Living organisms exhibit two main types of coloration: pigmentary and structural colours. Probably you realise what is a pigmentary color. A pigment, usually an organic component such as melanins (i.e. mammal’s skin and hair), carotenoids (i.e. astaxanthin in crayfish), bilins (i.e. bilverdin in bird eggs), quinines (i.e. echinoquinones in sea urchins), give some coloration as ink do it in a paper. Usually such pigments are in specific cells (chromatophores, melanophores, etc) scattered in particular tissues (dermis, epidermis, etc.).

On the other hand, structural colours are due to the microscopic features of the physical surfaces. These include interference, diffraction, reflection, refraction, iridescence… A very famous structural colour is the Tyndall blue (a similar  phenomena to the Rayleigh scattering observed in Earth’s atmosphere). Nacre exhibits iridescent structural colour.

Animals combine any of such structural colours with pigments in a plethora of visual effects not only in the same estructure but also different parts of the organism are coloured using differnt "technologies".  Usually, black or brownish colours are usually pigmentaries.
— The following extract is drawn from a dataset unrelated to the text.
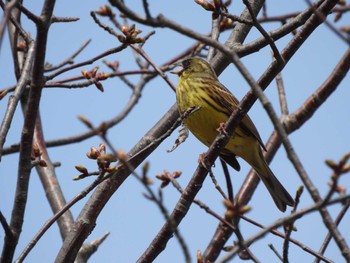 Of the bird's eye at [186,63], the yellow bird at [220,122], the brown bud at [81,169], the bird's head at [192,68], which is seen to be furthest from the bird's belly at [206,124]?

However, white colour rarely is pygmentary .

Most of the pigments may well decay after death. However structural colours may be easily preserved, although as such colours depends of the very precise length of the micro-details of the surface (in terms of fraction of wavelength of incident light)  the resulting colour after fossilization should be very different. For example, the beautiful metallic green of some of the Lucanids beetles from Messel, could be not green but dark violoaceous (for example). Other examples of structural coloration are the brownish pattern that some fossil moths and butterflies exhibit in their wings.

 

Jere Lipps proposes a couple of Ph.D. dissertation on colours. Possible candidates:  don’t forget to use SEM to check the surfaces at wave length scale. Structural colours, although not visible today should be preserved in some way…  

 

Cheers,

 

Patricio Domínguez

 

----- Mensaje original -----

De: "Jere H. Lipps" <jlipps@berkeley.edu>

Fecha: Martes, Junio 14, 2005 8:23 am

Asunto: Re: paleonet Fossil Color

> We need some studies on the taphonomy of color. 
>
> My impression is that color is preserved in certain circumstances,
> including species-specific aspects.   Organic rich and/or anoxic
> deposits seem to preserve color sometimes, whereas others (oxic?)
> do not.   Certain gastropods seem to show more color whereas
> others have no color when alive.  So a taphonomic review would run
> the entire gamut from living through fossilization to collection
> by paleontologists (do we pick out the colored ones more than
> others?).
> Probably a couple of Ph.D dissertations in this, at least.  Maybe
> some have been done, but more could be done I'd bet.